O Segundo Treinamento da Consciência nasce e está intimamente ligado ao Primeiro e também lida com a mente. Este treinamento nos adverte a não sermos apanhados em nossos próprios conhecimentos ou opiniões. O conhecimento pode ser necessário para pensar e discernir, e pode ser útil em muitos aspectos de nossa vida cotidiana, mas não é a verdade mais elevada.
No budismo, consideramos o conhecimento como um obstáculo à verdadeira compreensão e as visões como uma barreira à percepção. Apegar-se a pontos de vista pode impedir que cheguemos a uma compreensão mais profunda e sólida da realidade.
Temos que aprender a liberar o conhecimento que possuímos atualmente. Se alguém subir uma escada até chegar ao quarto degrau e achar que chegou ao topo, não irá mais longe. Esse é o fim de sua investigação. Precisamos saber que existe um quinto degrau para poder alcançá-lo e, para isso, precisamos deixar o quarto de lado. Não devemos ficar presos no que pensamos que sabemos. Temos que estar prontos para liberar o que sabemos para chegar a outro nível de conhecimento e compreensão. Na tradição budista, isso é a coisa mais importante - aprender a liberar o que sabemos.
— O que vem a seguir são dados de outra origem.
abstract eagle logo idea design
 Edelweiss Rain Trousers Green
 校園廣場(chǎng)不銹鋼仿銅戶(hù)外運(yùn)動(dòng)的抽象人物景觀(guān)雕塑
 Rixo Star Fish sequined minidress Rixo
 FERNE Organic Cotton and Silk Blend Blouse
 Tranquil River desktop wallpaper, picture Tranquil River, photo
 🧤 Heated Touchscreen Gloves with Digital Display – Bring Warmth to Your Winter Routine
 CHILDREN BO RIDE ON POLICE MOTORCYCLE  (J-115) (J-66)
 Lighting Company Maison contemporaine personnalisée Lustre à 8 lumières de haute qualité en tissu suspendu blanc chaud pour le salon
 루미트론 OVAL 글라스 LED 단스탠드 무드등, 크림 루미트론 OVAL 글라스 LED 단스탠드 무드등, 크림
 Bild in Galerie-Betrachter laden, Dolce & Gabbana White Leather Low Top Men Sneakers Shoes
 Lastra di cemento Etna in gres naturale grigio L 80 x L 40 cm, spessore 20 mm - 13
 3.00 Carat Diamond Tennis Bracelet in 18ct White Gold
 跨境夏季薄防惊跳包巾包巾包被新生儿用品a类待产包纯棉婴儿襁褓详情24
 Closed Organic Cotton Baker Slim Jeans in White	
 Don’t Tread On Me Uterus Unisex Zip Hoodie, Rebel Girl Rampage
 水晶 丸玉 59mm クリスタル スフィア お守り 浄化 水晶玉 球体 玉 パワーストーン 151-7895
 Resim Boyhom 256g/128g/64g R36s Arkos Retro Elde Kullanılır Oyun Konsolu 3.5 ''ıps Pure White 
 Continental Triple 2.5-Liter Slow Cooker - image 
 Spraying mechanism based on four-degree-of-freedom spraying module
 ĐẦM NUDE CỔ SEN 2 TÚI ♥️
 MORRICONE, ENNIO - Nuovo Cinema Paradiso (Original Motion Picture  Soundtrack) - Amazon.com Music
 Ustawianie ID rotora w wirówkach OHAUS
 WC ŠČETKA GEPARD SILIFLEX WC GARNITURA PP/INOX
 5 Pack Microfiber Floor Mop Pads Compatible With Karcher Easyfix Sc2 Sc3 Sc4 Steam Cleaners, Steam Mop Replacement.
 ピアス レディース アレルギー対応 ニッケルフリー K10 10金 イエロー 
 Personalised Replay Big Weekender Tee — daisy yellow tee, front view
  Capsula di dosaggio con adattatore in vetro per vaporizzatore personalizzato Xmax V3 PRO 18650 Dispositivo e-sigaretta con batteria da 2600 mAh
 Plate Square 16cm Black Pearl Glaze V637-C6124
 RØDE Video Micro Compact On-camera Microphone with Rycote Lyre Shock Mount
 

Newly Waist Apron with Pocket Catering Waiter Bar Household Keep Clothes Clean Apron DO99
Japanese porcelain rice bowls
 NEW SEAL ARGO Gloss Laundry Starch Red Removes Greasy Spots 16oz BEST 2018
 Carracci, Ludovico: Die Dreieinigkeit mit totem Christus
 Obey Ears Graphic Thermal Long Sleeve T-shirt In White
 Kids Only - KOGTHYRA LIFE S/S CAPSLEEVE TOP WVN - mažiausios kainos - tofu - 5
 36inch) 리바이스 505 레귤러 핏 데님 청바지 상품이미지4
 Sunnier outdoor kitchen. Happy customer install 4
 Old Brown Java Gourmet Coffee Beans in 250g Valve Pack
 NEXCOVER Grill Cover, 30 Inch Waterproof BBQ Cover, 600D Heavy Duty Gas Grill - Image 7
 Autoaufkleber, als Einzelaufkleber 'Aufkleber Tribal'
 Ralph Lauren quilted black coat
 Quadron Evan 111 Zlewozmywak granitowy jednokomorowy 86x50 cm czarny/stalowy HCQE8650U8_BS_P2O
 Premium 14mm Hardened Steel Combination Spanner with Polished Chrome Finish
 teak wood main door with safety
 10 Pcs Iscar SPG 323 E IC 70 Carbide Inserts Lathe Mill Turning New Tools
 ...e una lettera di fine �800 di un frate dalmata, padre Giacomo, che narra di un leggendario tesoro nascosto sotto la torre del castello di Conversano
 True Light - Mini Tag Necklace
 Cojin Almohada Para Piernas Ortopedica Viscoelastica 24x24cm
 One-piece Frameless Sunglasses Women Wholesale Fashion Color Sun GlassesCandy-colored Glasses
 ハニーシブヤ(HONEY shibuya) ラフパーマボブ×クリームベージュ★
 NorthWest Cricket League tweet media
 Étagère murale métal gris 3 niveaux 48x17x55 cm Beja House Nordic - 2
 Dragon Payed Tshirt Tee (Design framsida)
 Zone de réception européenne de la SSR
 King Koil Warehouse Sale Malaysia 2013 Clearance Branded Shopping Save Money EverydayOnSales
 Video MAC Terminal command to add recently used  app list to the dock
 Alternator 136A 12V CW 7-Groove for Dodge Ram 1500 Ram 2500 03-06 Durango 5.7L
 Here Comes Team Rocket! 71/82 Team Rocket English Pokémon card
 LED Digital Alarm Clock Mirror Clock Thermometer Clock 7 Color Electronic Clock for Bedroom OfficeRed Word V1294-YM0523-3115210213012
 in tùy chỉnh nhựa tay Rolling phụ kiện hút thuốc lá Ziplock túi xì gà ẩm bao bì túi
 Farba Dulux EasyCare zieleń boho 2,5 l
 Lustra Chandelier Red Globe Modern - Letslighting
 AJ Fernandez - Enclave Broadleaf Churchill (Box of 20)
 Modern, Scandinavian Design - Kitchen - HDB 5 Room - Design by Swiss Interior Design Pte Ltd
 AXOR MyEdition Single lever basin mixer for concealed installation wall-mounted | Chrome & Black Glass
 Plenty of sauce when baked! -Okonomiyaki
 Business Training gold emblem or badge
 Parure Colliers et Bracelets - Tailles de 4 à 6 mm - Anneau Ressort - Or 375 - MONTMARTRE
O Buda nos ensina a olhar para as coisas com os olhos do interser e a reconhecer sua natureza de surgimento dependente, ou seja, que todas as coisas surgem dependentes uma da outra. Quando somos capazes de ver dessa maneira, nos libertamos de um mundo em que cada coisa parece ter uma identidade individual. A mente que vê as coisas em sua natureza interdependente e co-surgida é chamada de mente da sabedoria não-discriminatória. Isso é o que chamamos de visão correta: a visão que transcende todas as visões. No zen-budismo, há uma expressão que descreve esse insight: "O caminho da fala foi bloqueado, o caminho da mente foi cortado".
"A verdade é encontrada na vida" e não apenas no conhecimento conceitual. Praticamos isso observando a realidade em nós mesmos e no mundo o tempo todo. Observar continuamente a vida significa praticar a atenção plena de acordo com o método descrito no Sutra dos Quatro Estabelecimentos da Atenção Plena. Este sutra nos ensina a ter consciência do que está acontecendo em nosso corpo, em nossos sentimentos, em nossa mente e nos objetos de nossa mente, que é o mundo ao nosso redor. A prática da atenção plena pode nos ajudar a desenvolver concentração e insight, para que possamos ver a realidade como ela é.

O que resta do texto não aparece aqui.